Alan Loehle received an M.F.A.
in painting from the University of Arizona in 1979. He now lives
and works in Atlanta and teaches at Oglethorpe University. In
the spring of 2007 the announcement of a Guggenheim Fellowship
for Painting capped off a notable list of distinctions for the
artist - a list that goes back to 1985, and includes two Pollock-Krasner
Grants for Painting, an NEA Fellowship for Painting, and an Elizabeth
Foundation Grant for Painting.
Alan Loehle has exhibited
in New York and Atlanta since 1983, along with numerous museum
exhibitions including The Weatherspoon Museum, Greensboro, NC,
The Arkansas Arts Center, Little Rock, AK, The Polk Museum of
Art, Lakeland, FL, The Mint Museum of Art, Charlotte, NC, The
Montgomery Museum of Art, Montgomery, AL, The Columbus Museum
of Art, Columbus, GA, and The Museum of Contemporary Art of Georgia
(MOCA-GA), Atlanta, GA. He was featured in a print exhibition
of drawings in The Paris Review in 1999, and his work is
in the collections of the Arkansas Arts Center and the Reading
Museum, Reading, PA, among others.
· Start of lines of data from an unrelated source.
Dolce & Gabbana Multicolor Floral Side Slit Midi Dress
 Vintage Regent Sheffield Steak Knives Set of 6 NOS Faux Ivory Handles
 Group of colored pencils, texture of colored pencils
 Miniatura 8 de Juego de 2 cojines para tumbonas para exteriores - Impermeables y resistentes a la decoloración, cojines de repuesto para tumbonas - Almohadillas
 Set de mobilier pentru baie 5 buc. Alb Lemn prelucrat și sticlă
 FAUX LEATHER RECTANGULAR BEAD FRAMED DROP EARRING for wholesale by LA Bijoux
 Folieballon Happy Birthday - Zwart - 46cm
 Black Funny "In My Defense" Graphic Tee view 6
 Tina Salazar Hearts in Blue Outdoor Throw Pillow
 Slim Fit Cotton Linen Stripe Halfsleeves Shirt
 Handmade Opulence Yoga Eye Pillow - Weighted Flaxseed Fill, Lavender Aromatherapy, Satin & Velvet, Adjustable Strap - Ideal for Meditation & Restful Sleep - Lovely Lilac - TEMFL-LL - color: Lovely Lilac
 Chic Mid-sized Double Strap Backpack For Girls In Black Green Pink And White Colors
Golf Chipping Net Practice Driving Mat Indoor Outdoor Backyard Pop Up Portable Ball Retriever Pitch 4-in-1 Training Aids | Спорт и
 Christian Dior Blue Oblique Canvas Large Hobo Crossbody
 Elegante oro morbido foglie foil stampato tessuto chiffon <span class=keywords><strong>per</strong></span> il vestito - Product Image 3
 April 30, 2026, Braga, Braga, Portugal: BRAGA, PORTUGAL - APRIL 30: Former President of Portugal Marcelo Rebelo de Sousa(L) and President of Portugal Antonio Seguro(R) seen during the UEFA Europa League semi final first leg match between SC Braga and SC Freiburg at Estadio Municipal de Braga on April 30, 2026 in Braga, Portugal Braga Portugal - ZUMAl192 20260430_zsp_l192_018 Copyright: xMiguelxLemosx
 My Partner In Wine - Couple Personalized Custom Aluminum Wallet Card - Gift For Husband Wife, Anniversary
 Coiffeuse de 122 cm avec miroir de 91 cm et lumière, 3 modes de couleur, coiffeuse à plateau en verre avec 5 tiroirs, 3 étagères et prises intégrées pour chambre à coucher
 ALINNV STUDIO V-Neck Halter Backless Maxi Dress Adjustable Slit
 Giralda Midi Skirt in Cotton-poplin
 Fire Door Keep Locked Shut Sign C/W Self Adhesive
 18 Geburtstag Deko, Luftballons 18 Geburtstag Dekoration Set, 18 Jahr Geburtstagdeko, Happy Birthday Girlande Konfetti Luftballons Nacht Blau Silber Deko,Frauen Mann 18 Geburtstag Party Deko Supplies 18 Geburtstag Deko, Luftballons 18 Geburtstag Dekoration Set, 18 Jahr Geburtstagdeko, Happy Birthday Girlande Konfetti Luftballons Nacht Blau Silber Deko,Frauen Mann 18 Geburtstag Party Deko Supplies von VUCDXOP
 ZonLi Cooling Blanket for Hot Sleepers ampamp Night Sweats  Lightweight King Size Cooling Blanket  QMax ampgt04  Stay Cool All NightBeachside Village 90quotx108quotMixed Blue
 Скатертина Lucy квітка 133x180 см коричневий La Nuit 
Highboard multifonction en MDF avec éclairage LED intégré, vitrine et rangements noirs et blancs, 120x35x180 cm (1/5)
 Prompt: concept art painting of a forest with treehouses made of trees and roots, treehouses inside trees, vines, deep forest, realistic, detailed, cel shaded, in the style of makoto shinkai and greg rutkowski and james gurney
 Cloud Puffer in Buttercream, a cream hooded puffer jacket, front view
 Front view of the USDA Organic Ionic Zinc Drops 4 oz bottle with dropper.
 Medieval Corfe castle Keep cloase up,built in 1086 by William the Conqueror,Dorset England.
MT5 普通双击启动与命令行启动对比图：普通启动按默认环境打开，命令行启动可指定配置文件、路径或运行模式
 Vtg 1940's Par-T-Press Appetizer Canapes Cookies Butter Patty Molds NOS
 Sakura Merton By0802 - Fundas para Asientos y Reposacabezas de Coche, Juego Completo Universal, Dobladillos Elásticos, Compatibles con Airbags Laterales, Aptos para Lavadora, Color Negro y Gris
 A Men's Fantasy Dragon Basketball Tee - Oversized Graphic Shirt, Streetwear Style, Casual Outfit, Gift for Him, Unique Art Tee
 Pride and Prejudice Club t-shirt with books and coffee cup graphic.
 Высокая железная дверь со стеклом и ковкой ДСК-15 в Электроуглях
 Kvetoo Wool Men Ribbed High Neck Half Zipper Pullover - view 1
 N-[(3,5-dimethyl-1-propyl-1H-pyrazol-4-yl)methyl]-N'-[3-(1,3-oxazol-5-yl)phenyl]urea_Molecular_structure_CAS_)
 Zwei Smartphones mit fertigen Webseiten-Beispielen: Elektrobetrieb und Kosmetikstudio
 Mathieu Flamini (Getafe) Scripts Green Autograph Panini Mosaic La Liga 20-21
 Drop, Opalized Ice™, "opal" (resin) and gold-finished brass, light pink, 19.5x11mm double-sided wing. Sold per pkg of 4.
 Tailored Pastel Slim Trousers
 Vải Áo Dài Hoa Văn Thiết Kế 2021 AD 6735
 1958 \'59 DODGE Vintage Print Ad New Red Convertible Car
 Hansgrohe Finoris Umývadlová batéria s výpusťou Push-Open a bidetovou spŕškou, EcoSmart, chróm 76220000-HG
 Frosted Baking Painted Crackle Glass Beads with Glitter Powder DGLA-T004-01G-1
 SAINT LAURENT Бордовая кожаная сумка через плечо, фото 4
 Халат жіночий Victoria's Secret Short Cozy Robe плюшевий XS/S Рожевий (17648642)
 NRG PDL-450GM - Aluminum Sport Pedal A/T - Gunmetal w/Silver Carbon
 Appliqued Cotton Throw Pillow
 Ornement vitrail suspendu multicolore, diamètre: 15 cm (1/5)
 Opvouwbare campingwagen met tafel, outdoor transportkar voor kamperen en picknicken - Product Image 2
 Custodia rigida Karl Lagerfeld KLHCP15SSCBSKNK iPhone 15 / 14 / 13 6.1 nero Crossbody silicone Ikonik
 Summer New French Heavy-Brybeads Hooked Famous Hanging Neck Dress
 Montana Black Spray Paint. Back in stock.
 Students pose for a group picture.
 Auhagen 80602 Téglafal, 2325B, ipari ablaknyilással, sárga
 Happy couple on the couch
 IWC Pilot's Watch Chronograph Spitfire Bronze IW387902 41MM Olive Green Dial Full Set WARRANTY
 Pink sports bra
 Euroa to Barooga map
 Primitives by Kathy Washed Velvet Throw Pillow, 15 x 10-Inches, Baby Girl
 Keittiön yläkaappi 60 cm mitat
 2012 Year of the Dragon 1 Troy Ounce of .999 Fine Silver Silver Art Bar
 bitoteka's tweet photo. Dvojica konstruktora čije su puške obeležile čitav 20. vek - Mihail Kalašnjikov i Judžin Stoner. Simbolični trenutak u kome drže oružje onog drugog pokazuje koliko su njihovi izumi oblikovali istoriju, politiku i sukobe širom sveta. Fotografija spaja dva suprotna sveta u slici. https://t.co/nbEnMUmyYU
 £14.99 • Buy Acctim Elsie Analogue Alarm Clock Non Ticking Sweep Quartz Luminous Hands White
Loehle was featured in the
2004 Southeastern edition of New American Paintings.
NY Times arts critic William Zimmer writes in an
essay on the artist in 1999 that "Loehle says that he knows a
painting is finished when he can't leave out anything else. Such
tautness ensures that a painting has all of the tension of modern
life. [...] Alan Loehle's gift is that he can fit a large vision
into a painterly scheme which he has narrowed into a blade."
Meanwhile, Loehle himself writes, "The intent
in my work is to address issues of the human condition, such as
awareness of mortality, the physical body, and unattainable desire.
I seek to infuse my work with the inner logic of abstraction while
referring more directly to the world by using a representational
vocabulary. I often create multiple dualities in my paintings,
both of associations and of emotions."